Metro Micro
- Parent: Los Angeles Metro
- Founded: 2020
- Locale: Los Angeles County, California
- Service area: Multiple defined service zones
- Service type: On-demand microtransit
- Fleet: Small vans and shuttles
- Operator: Metro (LACMTA)
- Website: micro.metro.net

= Metro Micro =

On-demand microtransit service operated by LA Metro

Metro Micro is an on-demand shared‐ride microtransit service operated by the Los Angeles Metro across multiple zones in Los Angeles County, California. The service was launched in 2020 as a pilot project to serve “first/last mile” trips and provide mobility in areas where conventional bus routes are less frequent or efficient.

== Service and Zones ==
Metro Micro serves eight primary zones, including Watts/Compton; LAX/Inglewood; El Monte; North Hollywood/Burbank; Highland Park/Eagle Rock/Glendale; Altadena/Pasadena/Sierra Madre; Northwest San Fernando Valley; and UCLA/Westwood/VA Medical Center.

== History ==

In 2019 Metro launched a pilot called the Mobility on Demand (MOD) program in partnership with the ride-share provider Via Transportation.
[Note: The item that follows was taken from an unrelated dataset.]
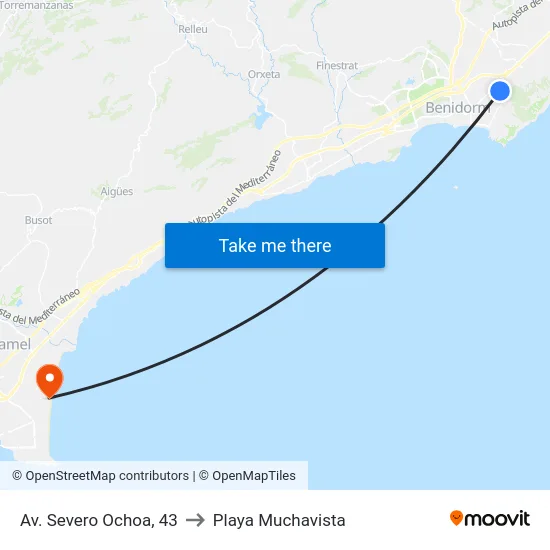 Av. Severo Ochoa, 43 to Playa Muchavista map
That pilot operated in zones including North Hollywood, El Monte and Compton, and was funded in part by a grant from the Federal Transit Administration.

The first service zones of Metro Micro launched on December 14, 2020, in the Watts/Willowbrook and LAX/Inglewood service areas. The service operated using Metro-managed small vans, via app or call-in booking, and used the introductory US $1 fare in each zone for the first six months. In January 2021 Metro announced expansion of Metro Micro to three additional zones: Compton/Artesia, El Monte, and North Hollywood/Burbank. In June 2021 Metro Micro added zones in Highland Park/Eagle Rock/Glendale and Altadena/Pasadena/Sierra Madre.

== Reception ==

As of August 2026, the Metro Micro app had over 1100 reviews and a 4.7-star rating.

The program faced significant criticism regarding its cost-effectiveness, ridership levels, and long-term sustainability. According to Metro board reports, systemwide weekday ridership in mid-2024 averaged about 2,305 rides per day, less than half of Metro’s internal target of 5,090 daily rides.